67 JG imagePrior to our ExCo meeting in Le Havre, ADEME organised a one day seminar entitled ‘Colloque International CSCV’. Juho lipponen from the IEA CCS unit in Paris had been invited to speak at this otherwise all French event. Juho, however, had to pull out at the last minute and graciously nominated me as stand in primarily as I was already there. The title of his talk was ‘The CCS Roadmap and what’s next?’ As I had been involved in the development of both the previous and the 2013 CCS Roadmap, I felt comfortable that I could give his talk justice.

Personally, I find road maps a little troublesome; as soon as they are printed they are largely out of date but they do seem to strike a chord with the policy community so I have to grudgingly accept they are of some value. The 2013 CCS Roadmap, despite my general scepticism, stands the test of time. It focuses one’s mind on what we need to achieve between 2013 and 2020 to lay the ground work to build global CCS deployment on. We need to get projects on the ground; 20 was the target and we are well on the way to achieving that. We need to get regulations and policy in place in countries that can to deploy CCS. And this has happened in North America, Europe and Australia. Industry CCS is needed as well as CCS in the power sector and that is happening in the USA, Europe, Canada, UAE and China. We need CCS in non OECD countries; again we see projects in Brazil, UAE and China and plans for projects in Mexico and Indonesia.
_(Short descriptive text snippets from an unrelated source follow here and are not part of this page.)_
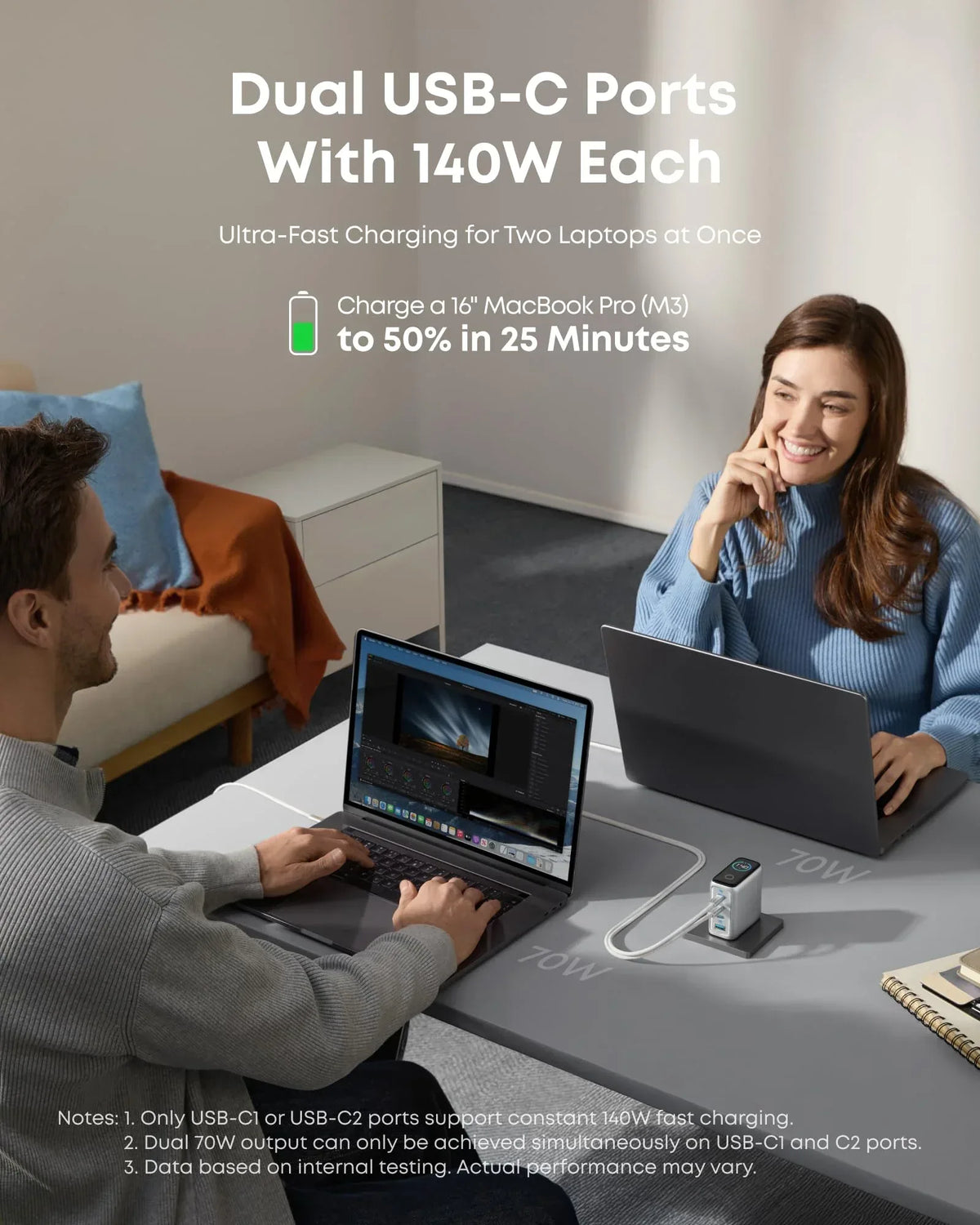Anker Charger (140W, 4-Port, PD 3.1) with USB-C Cable - Trustymall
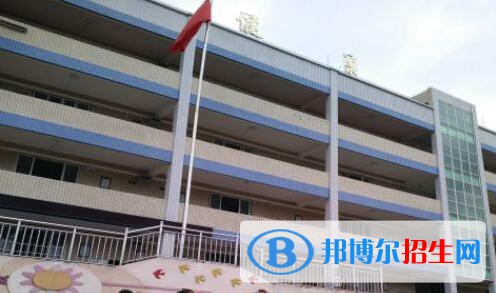遵義博導網絡職業(yè)技術學校地址在哪里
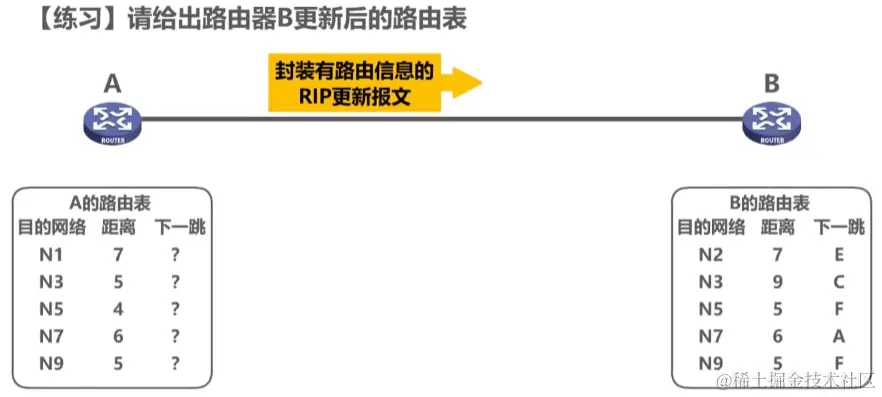 image-20230728024736491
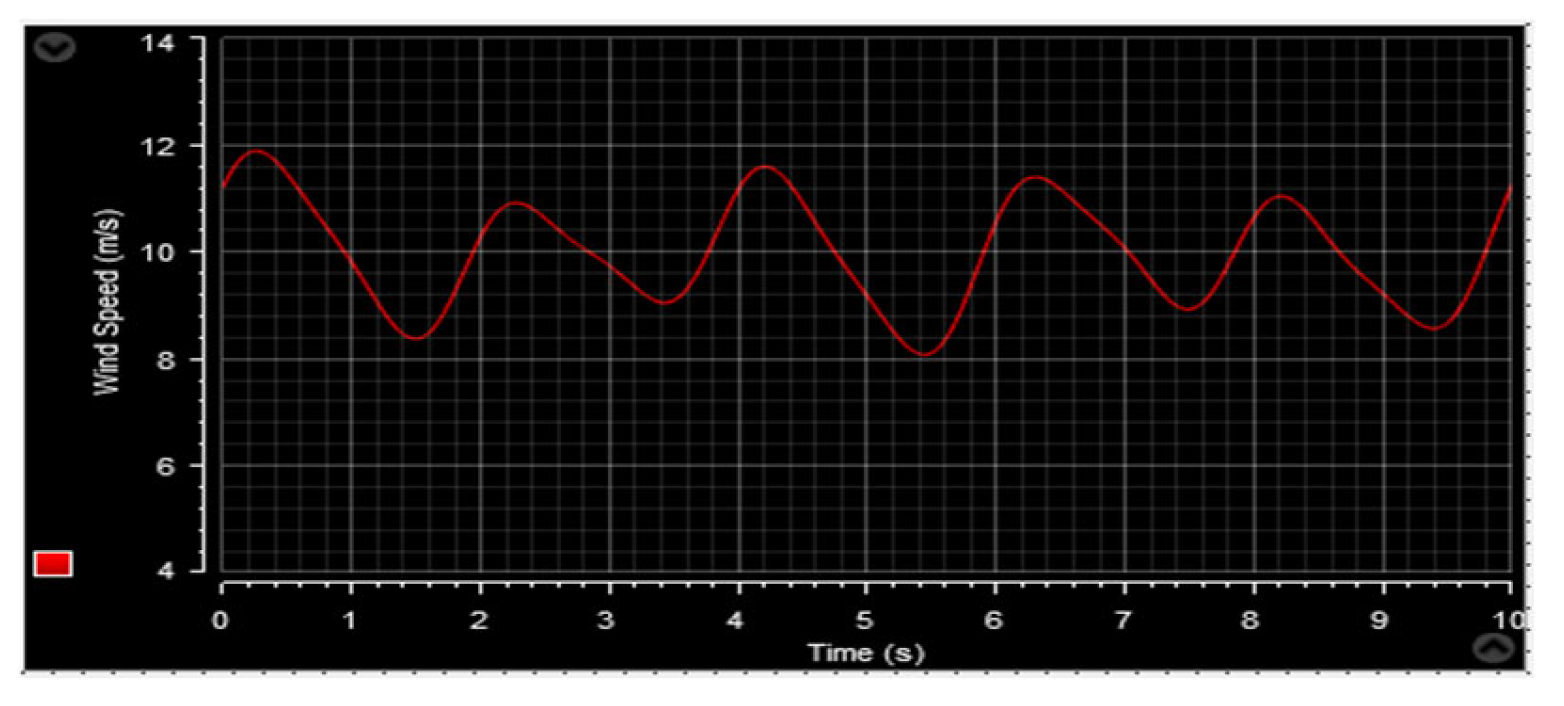 Machines 13 01006 g053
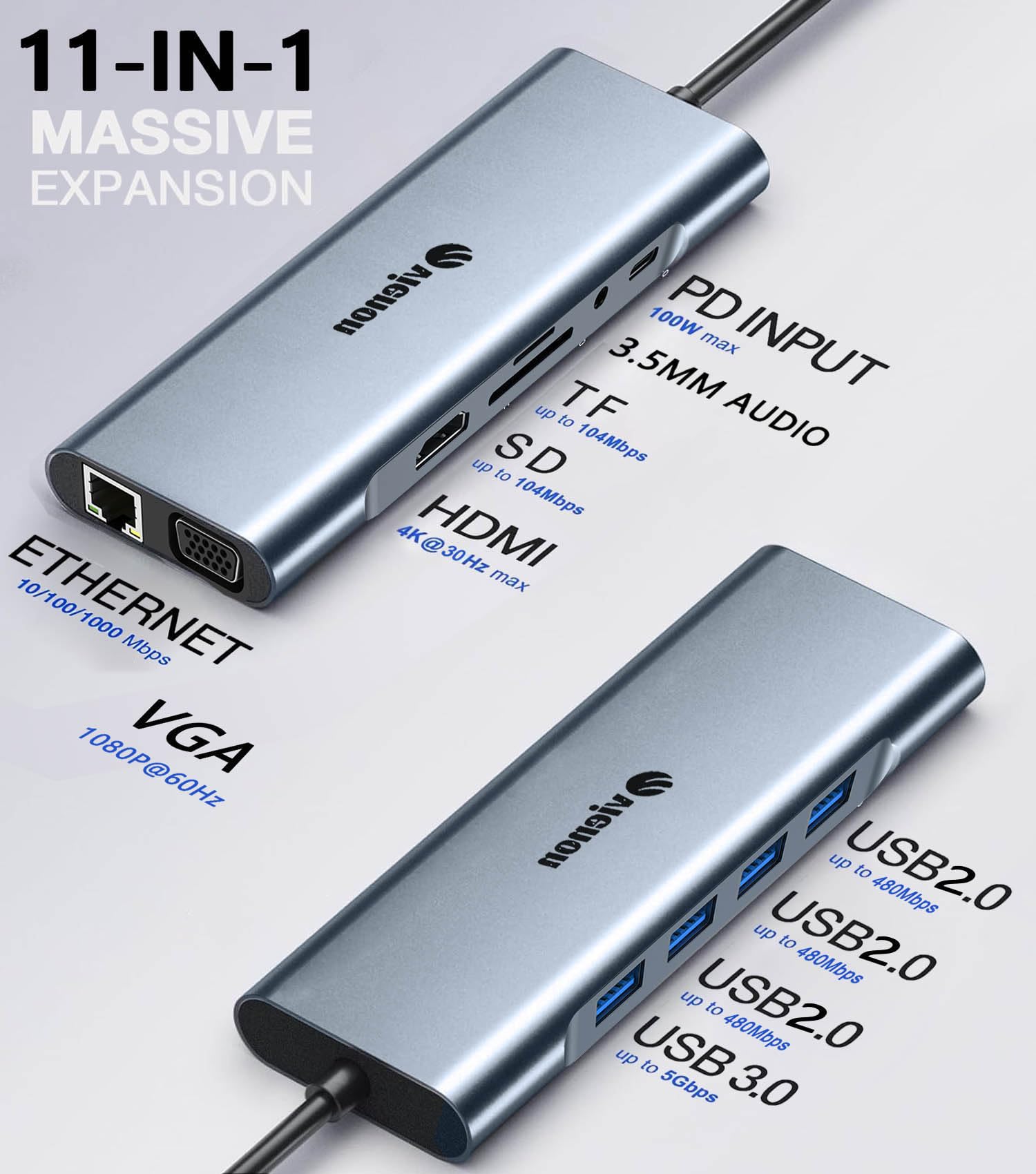 USB C HUB, USB C Adapter 11 in 1 Dongle with 4K HDMI, VGA, Type C PD, – iFyx
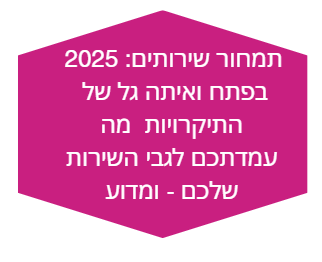 הפורום היזרעאלי לעסקים - מפגש 37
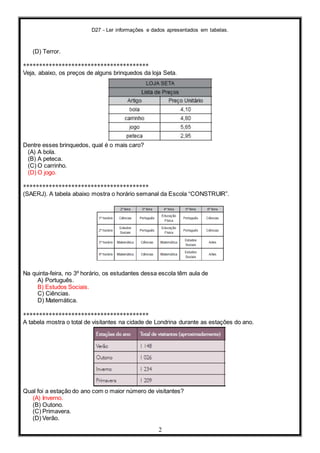 D27 - Ler informações e dados apresentados em tabelas.
2
(D) Terror.
***************************************
Veja, abaixo, os preços de alguns brinquedos da loja Seta.
Dentre esses brinquedos, qual é o mais caro?
(A) A bola.
(B) A peteca.
(C) O carrinho.
(D) O jogo.
***************************************
(SAERJ). A tabela abaixo mostra o horário semanal da Escola “CONSTRUIR”.
Na quinta-feira, no 3º horário, os estudantes dessa escola têm aula de
A) Português.
B) Estudos Sociais.
C) Ciências.
D) Matemática.
***************************************
A tabela mostra o total de visitantes na cidade de Londrina durante as estações do ano.
Qual foi a estação do ano com o maior número de visitantes?
(A) Inverno.
(B) Outono.
(C) Primavera.
(D) Verão.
Overall I think we are achieving in the necessary timescale what the roadmap wanted us to. If we are behind in areas, it is on proving the geological resource base in regions of the world. We need to send a message to politicians to put more resources into storage site assessment and characterisation. Also, for regions of the world that do not have an established CO2-EOR industry and the storage resources are offshore, we need governments to bite the bullet and fund the pipeline infrastructure to enable the storage of CO2 in these offshore fields.

Then, after 2020 if we have set the base correctly, we can start the next phase of establishing hundreds of projects worldwide.